Hadreas’s last album, 2017’s No Shape, turned him into one of alternative music’s biggest stars. Its grand, melodramatic songs popped up on blockbuster movie trailers, while his witty, arty tweets have amassed him almost a million followers.
Two years ago, he moved from Tacoma, Washington, a short drive from where he grew up in Seattle, to LA, with his long-term boyfriend and collaborator Alan Wyffels. (Hadreas has been with Wyffels, a classically trained musician, for 11 years; they are in each other’s company “24 hours a day”, and they have played every Perfume Genius show together.) Then, last summer, Hadreas collaborated with the choreographer Kate Wallich and the YC Dance Company on a dance piece called The Sun Still Burns Here, which they performed in New York. It made him realise he was looking for connection, that making music did not have to be so solitary. “Dance blew up so much for me,” he says. “[I started] really craving community, and being able to be present in the real world.”

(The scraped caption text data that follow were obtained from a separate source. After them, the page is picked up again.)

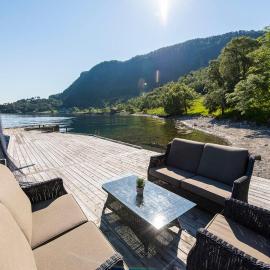 Nice House by the Sea with private beach and jetty, hotel sa Hjelmeland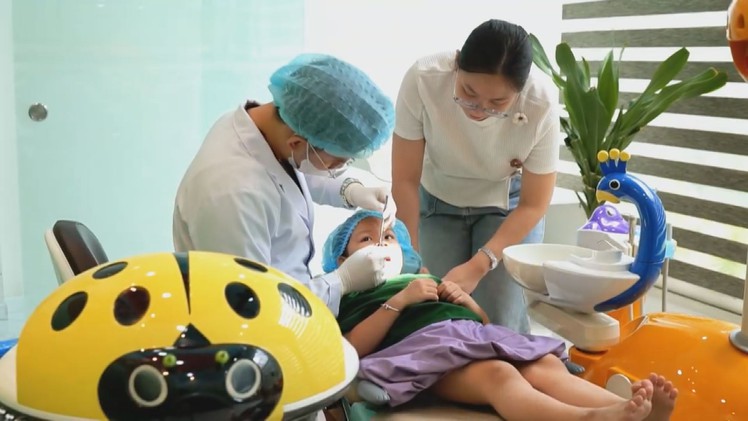 Chăm sóc răng miệng dịp hè: Mùa hè răng khỏe - du lịch nhẹ nhàng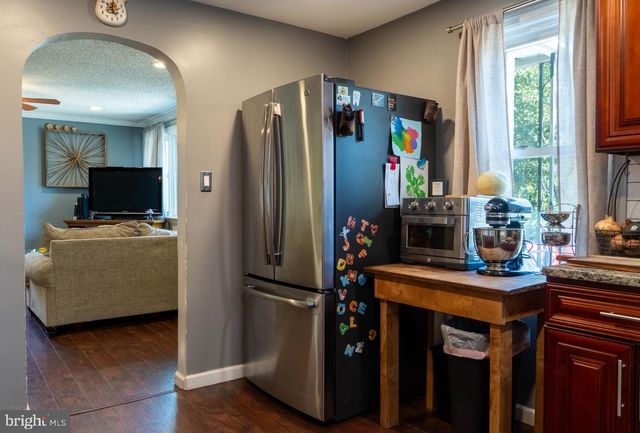 219 FRONT ST, Fieldsboro, NJ 08505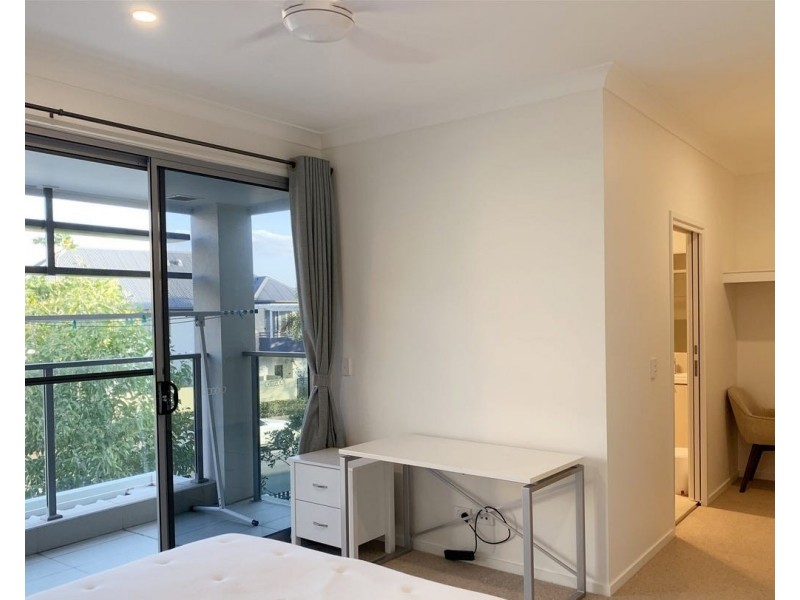 ID:21194293/3031 The Boulevard, Carrara QLD 4211
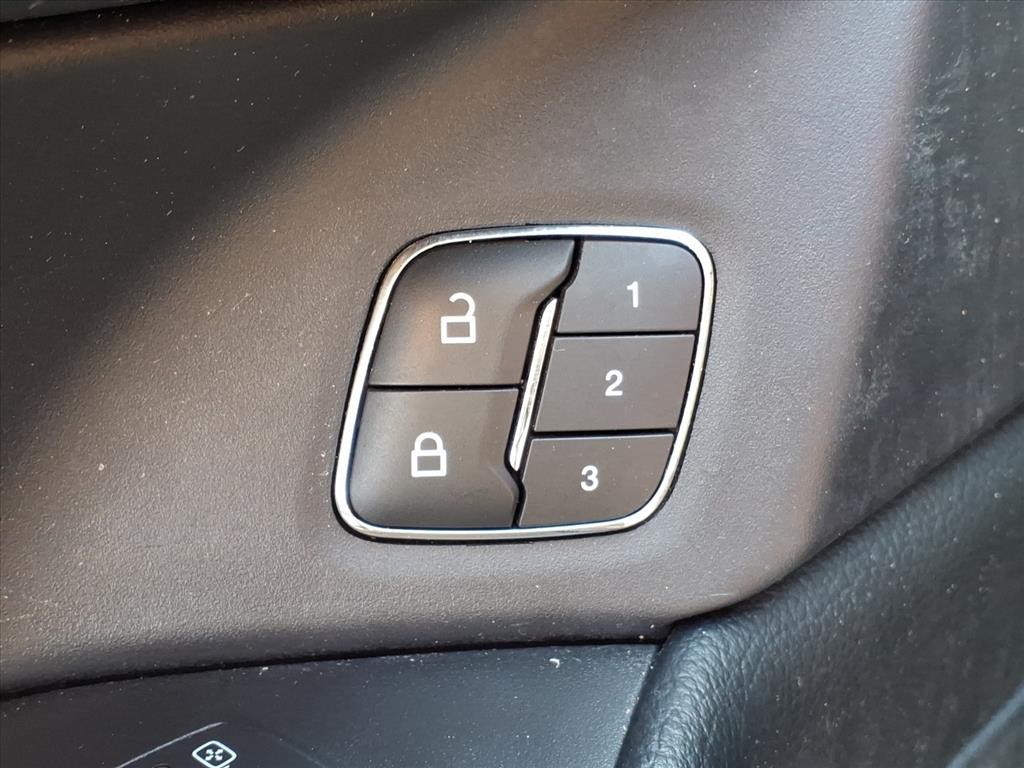 2021 Ford Expedition XLT Image 23 of 25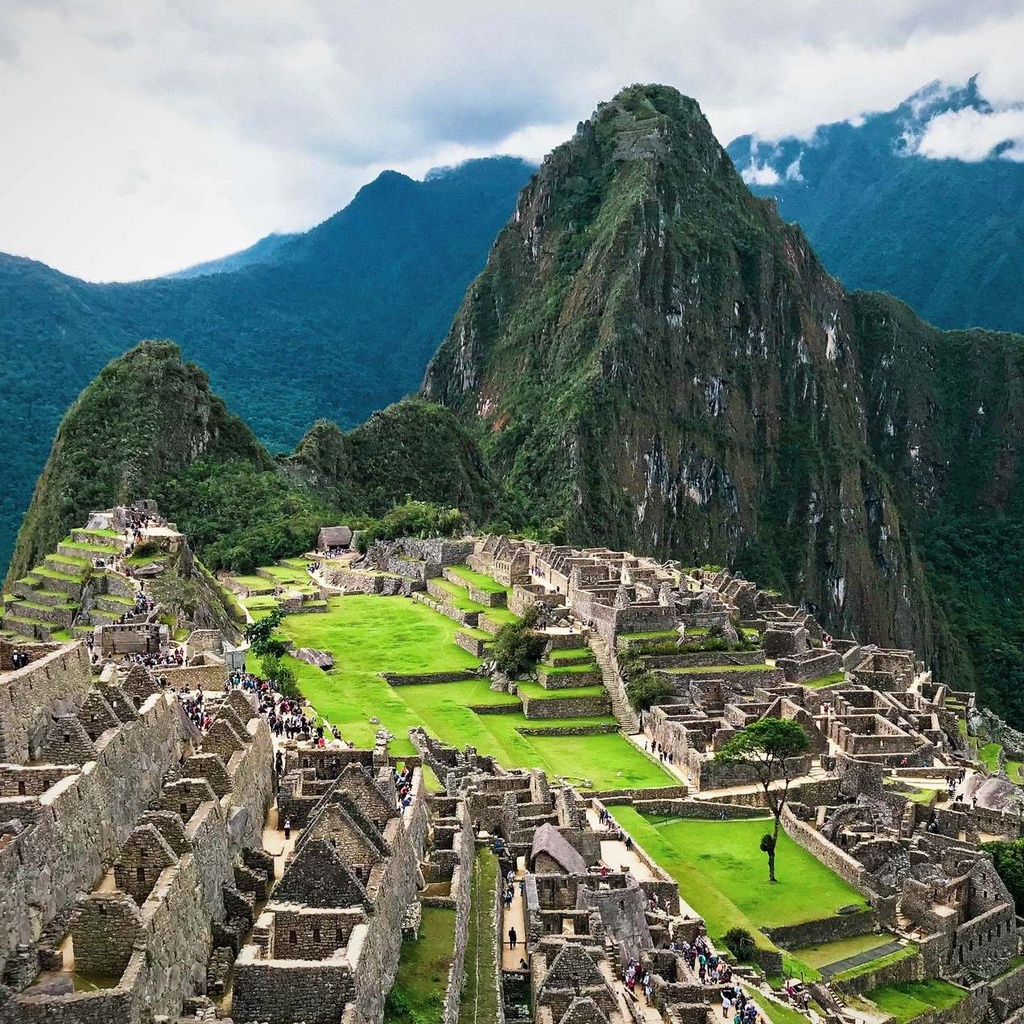 eddie-kiszka-rFESpq5MMTg-unsplash_machu picchu.jpg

Hence the title of the record he wrote shortly after it. Set My Heart on Fire Immediately is a demanding, grabby statement. “Because I get greedy,” he laughs. “I get a little of this good feeling and I’m like, well, I want to constantly be in that state.” For someone who has been used to having just two feelings, this is a confusing shift. “It feels really unhinged. If I don’t get it, I’m pissed! I’m constantly waiting and searching for and demanding a big feeling.”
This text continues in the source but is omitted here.